### Data extract
————————

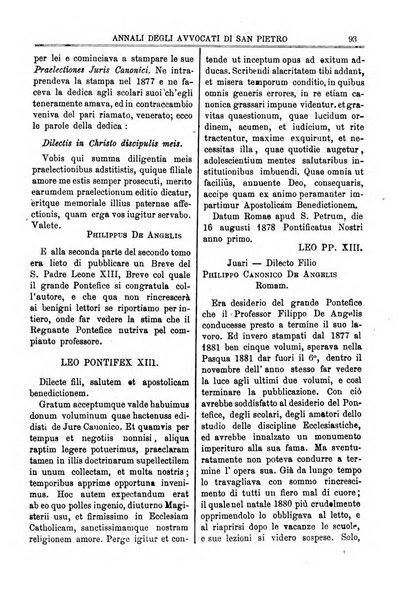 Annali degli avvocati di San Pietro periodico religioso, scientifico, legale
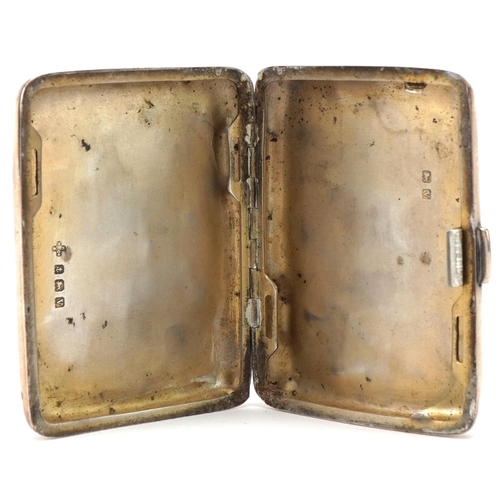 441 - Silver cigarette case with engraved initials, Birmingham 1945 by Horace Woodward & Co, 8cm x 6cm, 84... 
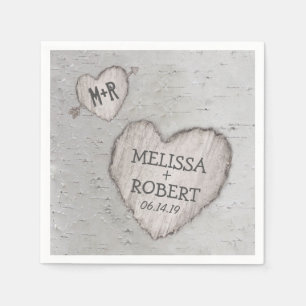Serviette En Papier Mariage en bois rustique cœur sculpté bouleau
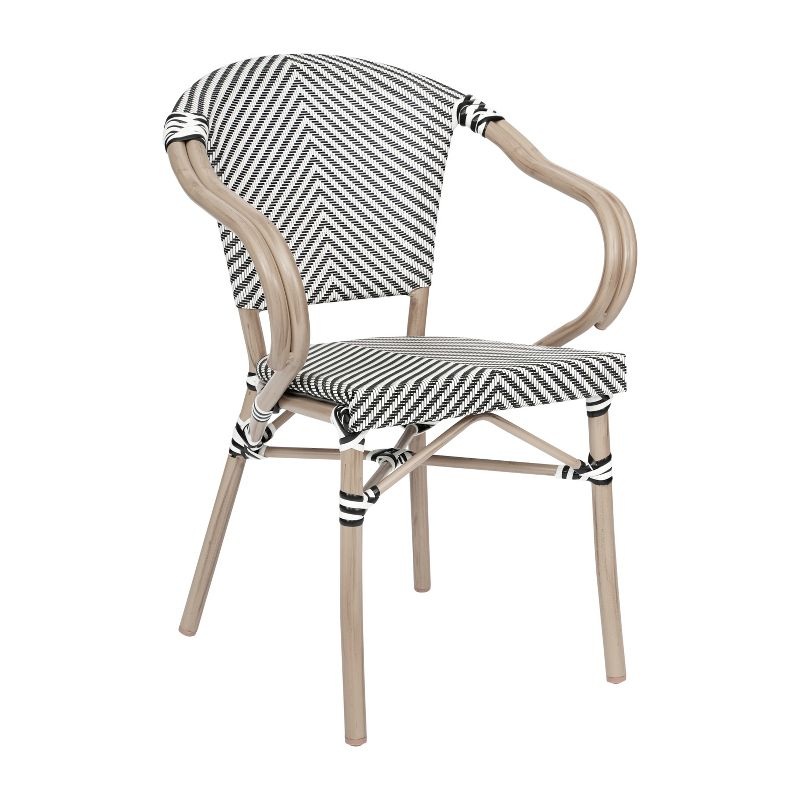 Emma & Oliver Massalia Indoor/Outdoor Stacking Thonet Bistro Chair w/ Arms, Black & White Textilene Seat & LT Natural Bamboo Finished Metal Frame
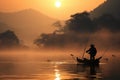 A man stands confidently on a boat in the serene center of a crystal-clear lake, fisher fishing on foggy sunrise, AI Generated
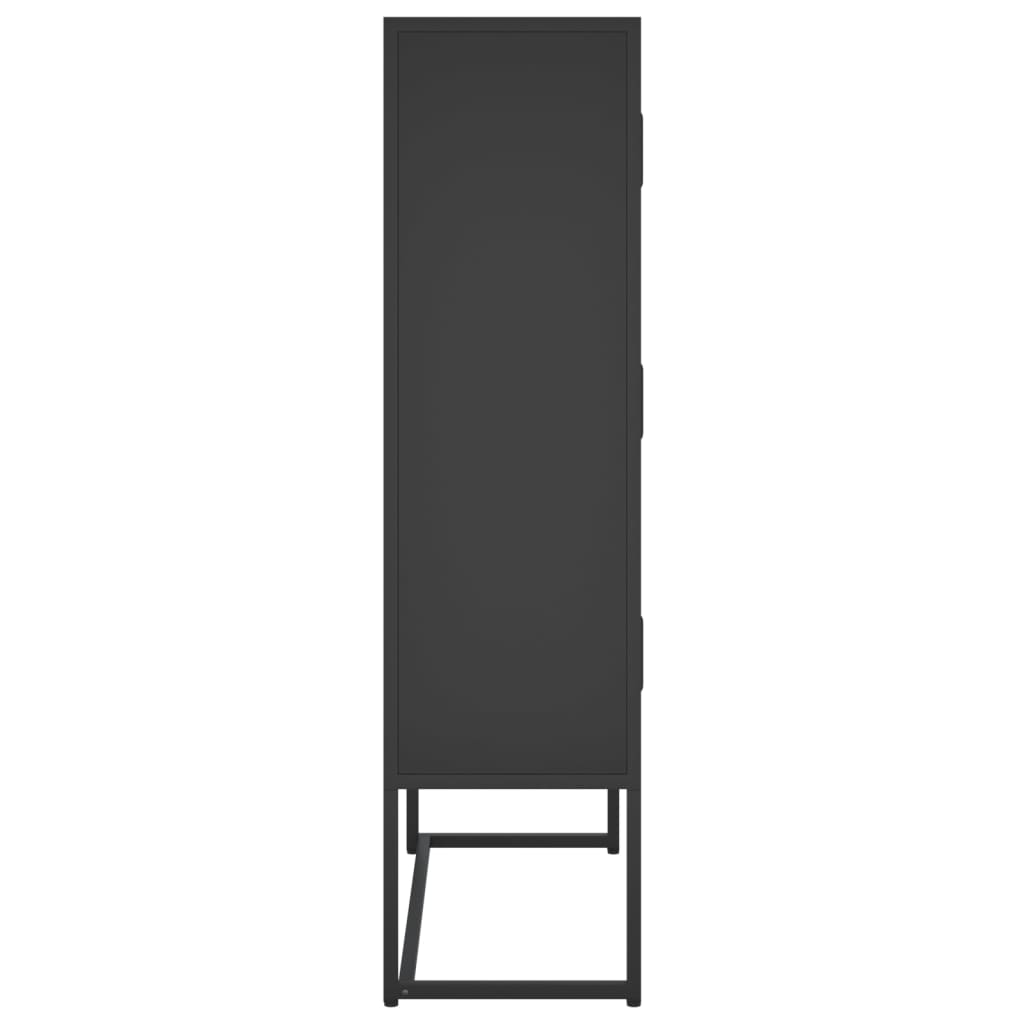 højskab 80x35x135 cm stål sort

————————

### Task prompt
Retype exactly, and only, the lines from the one containing "441 - Silver" through the end of the material, leaving aside every picture.

### Written response
 441 - Silver cigarette case with engraved initials, Birmingham 1945 by Horace Woodward & Co, 8cm x 6cm, 84... 
Serviette En Papier Mariage en bois rustique cœur sculpté bouleau
 Emma & Oliver Massalia Indoor/Outdoor Stacking Thonet Bistro Chair w/ Arms, Black & White Textilene Seat & LT Natural Bamboo Finished Metal Frame
 A man stands confidently on a boat in the serene center of a crystal-clear lake, fisher fishing on foggy sunrise, AI Generated
 højskab 80x35x135 cm stål sort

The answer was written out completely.